Pour les marques, les campagnes avec des créateurs ont tendance à sur-performer. La campagne Nina Ricci avec des créateurs a enregistré un taux de clic de plus de 5%, un des plus hauts sur les campagnes de marques récentes. La campagne Avène, The Realest Ad, en hiver dernier est également un très bon exemple de ce qui marche sur BeReal : Isia Arcang a fait un BeReal par jour pour montrer l’évolution de son acné sans filtre sur BeReal, compilés ensuite en vidéo pour une campagne 100% alignée avec l’ADN BeReal qui lui a permis de remporter la médaille d’or Grand prix stratégie digitale catégorie réseaux sociaux.

JUPDLC : Les annonceurs attendent des garanties. Quels sont aujourd’hui les KPIs que vous mettez en avant pour prouver l’efficacité de vos formats ?
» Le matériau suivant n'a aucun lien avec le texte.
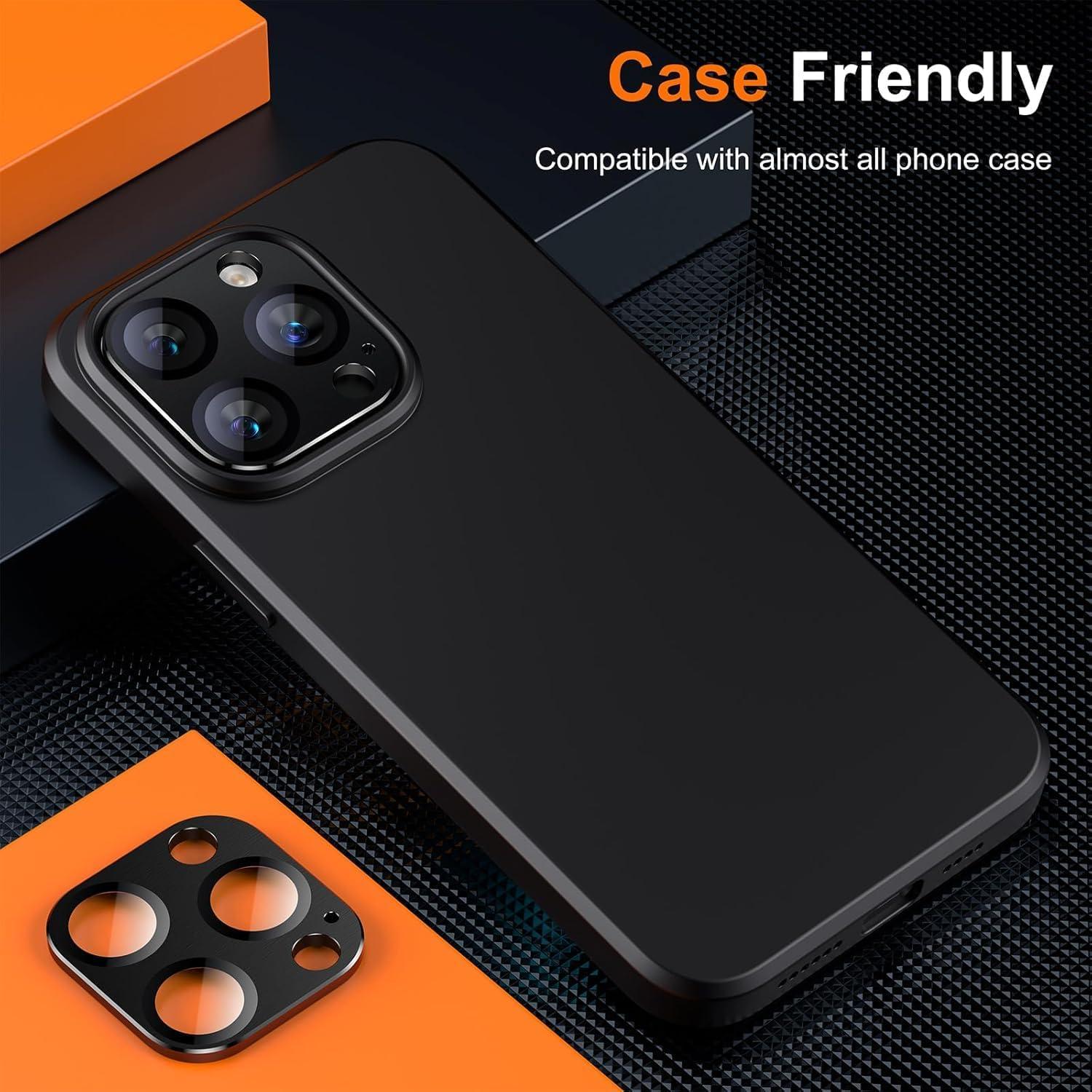 for iPhone 16 Pro/iPhone 16 Pro Max Camera Lens Protector, [Military Grade Shatterproof] [Strong Adsorption] Metal Aluminum Alloy Tempered Glass Screen Protector(Desert Titanium)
Oriane Mainard : Nos KPIs reflètent la qualité d’engagement de nos utilisateurs avec les contenus publicitaires, ainsi que leur capacité à mémoriser les contenus auxquels ils ont été exposés : ainsi notre taux de clic (CTR) se situe entre 0.7% et 2.5% en moyenne, bien au-dessus de nos concurrents, et nos brand lift surveys enregistrent des performances exceptionnelles sur la mémorisation (+15 points), l’image de marque (+13 points) et la notoriété (+4 points). Nous travaillons aussi justement à la mise en place d’outils de mesure plus poussés pour accompagner les marques.
JUPDLC : Quelles sont les prochaines étapes prioritaires pour BeReal, aussi bien côté produit que côté régie et stratégie créateurs ?
Oriane Mainard : Côté produit, nous lançons progressivement de nouveaux formats comme la vidéo, et nous retravaillons l’expérience utilisateur pour qu’elle soit la plus optimale possible. Côté créateurs, nous renforçons notre programme avec une montée en puissance du recrutement, de l’accompagnement et des opportunités de collaboration avec les marques. Et côté régie, l’objectif est de structurer une offre simple, efficace, qui respecte l’ADN BeReal tout en permettant aux marques de s’exprimer autrement.